In addition to public safety frequencies, which are regulated by the FCC.  If you were to try transmitting on CAP stuff, then you involve the FAA and they deal with people playing on their frequencies via DHS.  They don't fine you, they ship you to GITMO and forget you're there.

I was involved with CERT... being involved with CERT doesn't make you special in the eyes of the FCC.  And if you start doing ARES style crap and being unprofessional and trying to exceed what little authority you may think you have, the local LEO and fire dept will see you in a bad light as well.

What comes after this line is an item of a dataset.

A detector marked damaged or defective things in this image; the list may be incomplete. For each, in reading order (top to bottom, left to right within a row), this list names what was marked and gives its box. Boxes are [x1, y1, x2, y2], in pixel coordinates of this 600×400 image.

I got out of CERT because the local ARES clowns came in and started pushing ham radio as a form of communications for CERT.  It's not.  CERT communications requirements require using coded messages in instances search and rescue, if you find a body, you don't say I found a body, it's coded.  Ham radio specifically prohibits any communications that mask the try meaning of the message.  In other words, a dead body is just that a dead body.  It's not a code 12 or DOA or anything that isn't the words dead body, period.  CERT works directly with LEO and Fire Departments, they are eligible for federal grants for communications equipment.  Use what you should be using to communicate with the folks you are supporting.  Don't halfazz it and try using ham gear for real public safety communications.  Hams don't support public safety, they pester it, hinder it and irritate it.  They sometimes are granted access to some little room at the EOC building which is the equivilant of a crying room in a church.  CERT goes out and responds to disasters with tools and muscle.  ARES responds on ham abouts with coffee and donuts.  So either carry the weight of the world on your shoulders, or carry the donuts and coffee, it can't be done both ways.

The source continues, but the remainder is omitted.